* **Problem details**: When the string "Coral" is part of a line below, that line should be copied.

* **Scraped caption text data**:
• • • • • • •
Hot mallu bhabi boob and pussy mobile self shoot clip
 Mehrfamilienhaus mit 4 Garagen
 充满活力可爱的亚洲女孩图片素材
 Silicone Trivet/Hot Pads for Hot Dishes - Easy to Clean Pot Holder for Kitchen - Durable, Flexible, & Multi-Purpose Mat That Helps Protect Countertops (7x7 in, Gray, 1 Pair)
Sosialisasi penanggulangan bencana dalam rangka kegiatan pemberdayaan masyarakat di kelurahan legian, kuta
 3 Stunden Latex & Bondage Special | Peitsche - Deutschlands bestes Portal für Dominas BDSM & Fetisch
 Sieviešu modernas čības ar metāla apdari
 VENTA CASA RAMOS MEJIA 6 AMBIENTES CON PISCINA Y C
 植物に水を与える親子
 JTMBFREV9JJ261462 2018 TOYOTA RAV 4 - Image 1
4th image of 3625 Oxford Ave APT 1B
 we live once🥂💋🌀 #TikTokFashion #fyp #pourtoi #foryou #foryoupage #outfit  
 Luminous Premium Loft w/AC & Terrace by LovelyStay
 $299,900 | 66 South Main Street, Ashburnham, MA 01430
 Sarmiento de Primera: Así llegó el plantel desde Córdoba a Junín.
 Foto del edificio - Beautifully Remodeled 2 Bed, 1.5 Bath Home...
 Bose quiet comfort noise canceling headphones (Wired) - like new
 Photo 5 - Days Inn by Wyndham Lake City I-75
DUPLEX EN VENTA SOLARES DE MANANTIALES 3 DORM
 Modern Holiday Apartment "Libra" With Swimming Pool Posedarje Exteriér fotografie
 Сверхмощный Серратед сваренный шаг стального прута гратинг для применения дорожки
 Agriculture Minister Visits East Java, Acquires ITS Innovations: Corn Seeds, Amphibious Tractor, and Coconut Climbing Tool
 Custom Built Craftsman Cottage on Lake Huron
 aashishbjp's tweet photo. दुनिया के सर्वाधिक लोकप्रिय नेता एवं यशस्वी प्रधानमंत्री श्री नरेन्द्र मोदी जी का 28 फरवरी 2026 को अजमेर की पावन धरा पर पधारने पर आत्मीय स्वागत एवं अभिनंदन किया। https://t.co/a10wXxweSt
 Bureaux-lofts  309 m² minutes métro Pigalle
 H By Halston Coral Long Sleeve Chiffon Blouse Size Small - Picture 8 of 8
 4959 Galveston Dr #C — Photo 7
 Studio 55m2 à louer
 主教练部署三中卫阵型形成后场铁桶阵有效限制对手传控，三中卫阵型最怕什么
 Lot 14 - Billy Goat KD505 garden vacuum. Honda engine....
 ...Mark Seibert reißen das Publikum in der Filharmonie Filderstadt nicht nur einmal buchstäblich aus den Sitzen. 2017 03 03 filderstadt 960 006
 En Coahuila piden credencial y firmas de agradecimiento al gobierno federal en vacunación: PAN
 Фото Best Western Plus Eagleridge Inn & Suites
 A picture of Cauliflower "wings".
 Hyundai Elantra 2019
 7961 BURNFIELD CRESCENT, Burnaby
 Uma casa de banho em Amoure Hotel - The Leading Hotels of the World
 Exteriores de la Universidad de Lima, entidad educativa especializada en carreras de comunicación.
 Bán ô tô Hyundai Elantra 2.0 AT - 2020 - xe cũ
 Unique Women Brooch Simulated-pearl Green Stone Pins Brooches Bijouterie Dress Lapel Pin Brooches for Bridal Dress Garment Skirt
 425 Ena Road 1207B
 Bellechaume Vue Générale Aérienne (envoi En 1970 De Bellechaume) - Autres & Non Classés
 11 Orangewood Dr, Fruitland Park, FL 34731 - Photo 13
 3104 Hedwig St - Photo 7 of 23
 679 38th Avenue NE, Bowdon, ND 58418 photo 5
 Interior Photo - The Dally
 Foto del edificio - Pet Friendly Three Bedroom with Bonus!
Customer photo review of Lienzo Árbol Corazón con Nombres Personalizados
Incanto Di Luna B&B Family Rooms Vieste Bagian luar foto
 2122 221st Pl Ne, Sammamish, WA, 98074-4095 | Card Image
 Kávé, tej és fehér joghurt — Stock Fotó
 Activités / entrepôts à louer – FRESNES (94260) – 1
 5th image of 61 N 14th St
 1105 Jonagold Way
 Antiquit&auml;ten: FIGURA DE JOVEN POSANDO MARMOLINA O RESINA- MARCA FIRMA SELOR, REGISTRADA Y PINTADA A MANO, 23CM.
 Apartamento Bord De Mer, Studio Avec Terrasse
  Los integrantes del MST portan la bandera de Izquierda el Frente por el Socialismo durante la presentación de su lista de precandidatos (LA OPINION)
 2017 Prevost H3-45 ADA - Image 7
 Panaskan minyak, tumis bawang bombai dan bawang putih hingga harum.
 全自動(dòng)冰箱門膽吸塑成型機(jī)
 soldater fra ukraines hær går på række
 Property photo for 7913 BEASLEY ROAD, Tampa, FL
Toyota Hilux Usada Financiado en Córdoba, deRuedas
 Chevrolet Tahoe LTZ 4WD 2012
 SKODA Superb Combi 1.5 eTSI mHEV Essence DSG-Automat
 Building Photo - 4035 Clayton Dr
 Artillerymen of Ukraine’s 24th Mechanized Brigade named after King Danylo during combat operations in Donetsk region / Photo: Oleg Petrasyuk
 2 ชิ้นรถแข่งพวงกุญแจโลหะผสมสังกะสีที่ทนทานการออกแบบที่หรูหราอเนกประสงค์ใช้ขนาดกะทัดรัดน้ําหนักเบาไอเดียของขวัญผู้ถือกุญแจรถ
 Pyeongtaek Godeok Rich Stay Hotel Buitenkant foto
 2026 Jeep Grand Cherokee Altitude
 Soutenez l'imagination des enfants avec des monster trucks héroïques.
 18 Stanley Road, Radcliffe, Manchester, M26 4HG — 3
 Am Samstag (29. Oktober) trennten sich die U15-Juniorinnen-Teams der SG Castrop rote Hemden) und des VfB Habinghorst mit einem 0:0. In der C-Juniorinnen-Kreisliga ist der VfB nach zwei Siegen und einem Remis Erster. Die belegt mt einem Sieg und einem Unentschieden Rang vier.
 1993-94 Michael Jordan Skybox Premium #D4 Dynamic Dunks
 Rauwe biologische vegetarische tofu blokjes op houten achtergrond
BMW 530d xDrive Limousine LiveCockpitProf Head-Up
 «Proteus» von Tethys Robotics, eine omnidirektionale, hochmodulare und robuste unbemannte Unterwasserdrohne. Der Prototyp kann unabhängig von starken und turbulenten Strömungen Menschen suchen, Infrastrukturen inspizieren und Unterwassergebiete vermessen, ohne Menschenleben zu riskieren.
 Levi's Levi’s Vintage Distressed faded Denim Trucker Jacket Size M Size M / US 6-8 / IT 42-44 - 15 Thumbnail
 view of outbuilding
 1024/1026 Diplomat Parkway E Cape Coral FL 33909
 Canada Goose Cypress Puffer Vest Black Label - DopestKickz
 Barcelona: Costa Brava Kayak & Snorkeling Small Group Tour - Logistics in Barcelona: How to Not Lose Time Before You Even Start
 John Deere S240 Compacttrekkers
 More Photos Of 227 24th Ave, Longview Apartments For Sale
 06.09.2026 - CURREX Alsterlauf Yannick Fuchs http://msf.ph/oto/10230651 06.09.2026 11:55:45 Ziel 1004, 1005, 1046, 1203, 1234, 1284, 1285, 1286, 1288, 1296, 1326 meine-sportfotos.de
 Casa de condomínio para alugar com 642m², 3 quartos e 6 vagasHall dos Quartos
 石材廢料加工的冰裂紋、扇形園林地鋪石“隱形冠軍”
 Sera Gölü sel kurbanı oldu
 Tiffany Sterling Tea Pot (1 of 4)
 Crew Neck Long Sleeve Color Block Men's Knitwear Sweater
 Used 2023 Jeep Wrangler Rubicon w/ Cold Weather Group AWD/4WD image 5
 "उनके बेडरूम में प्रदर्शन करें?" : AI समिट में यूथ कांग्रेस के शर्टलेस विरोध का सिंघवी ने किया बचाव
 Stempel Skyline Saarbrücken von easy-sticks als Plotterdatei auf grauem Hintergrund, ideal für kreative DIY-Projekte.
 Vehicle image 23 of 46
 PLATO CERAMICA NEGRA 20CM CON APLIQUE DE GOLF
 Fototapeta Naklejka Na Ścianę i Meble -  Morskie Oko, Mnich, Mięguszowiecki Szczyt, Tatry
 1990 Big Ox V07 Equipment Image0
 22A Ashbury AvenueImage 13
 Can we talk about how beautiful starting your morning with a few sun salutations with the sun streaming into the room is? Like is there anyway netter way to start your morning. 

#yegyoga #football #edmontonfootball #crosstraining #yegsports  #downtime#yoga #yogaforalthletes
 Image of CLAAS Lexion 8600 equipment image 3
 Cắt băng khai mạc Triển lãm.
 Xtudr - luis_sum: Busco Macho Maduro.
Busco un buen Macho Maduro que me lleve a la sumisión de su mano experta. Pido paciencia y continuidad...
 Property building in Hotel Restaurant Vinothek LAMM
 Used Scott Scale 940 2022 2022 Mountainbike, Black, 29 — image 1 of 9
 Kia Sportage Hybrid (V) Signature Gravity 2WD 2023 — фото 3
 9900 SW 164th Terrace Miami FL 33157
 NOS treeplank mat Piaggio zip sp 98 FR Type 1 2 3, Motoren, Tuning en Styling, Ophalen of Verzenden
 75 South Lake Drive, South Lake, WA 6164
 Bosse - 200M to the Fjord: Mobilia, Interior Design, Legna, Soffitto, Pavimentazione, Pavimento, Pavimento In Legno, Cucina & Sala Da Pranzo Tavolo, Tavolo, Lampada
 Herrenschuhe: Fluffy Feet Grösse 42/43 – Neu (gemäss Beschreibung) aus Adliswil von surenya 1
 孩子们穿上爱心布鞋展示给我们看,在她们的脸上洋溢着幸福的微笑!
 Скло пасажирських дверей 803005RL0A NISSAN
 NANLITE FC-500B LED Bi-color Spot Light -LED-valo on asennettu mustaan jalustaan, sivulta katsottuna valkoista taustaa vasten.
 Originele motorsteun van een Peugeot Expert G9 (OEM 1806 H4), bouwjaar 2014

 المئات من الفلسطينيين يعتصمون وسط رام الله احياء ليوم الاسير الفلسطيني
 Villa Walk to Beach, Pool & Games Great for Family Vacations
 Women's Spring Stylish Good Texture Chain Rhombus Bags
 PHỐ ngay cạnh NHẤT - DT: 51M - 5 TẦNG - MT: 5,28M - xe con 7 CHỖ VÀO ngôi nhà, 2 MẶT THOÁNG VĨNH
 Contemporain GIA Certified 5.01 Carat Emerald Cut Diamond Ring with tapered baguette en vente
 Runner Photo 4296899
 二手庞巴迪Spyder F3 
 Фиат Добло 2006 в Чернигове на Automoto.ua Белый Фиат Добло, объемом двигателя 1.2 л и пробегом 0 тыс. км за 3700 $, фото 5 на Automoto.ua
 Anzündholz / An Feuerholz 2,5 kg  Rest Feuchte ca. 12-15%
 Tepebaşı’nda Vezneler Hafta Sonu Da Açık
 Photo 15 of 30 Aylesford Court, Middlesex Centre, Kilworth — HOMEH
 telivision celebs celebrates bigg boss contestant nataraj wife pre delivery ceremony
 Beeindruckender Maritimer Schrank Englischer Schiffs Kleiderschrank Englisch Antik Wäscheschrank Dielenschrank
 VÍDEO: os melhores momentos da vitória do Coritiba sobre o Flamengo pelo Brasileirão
• • • • • • •
* **Solution to this task**:
 H By Halston Coral Long Sleeve Chiffon Blouse Size Small - Picture 8 of 8
 1024/1026 Diplomat Parkway E Cape Coral FL 33909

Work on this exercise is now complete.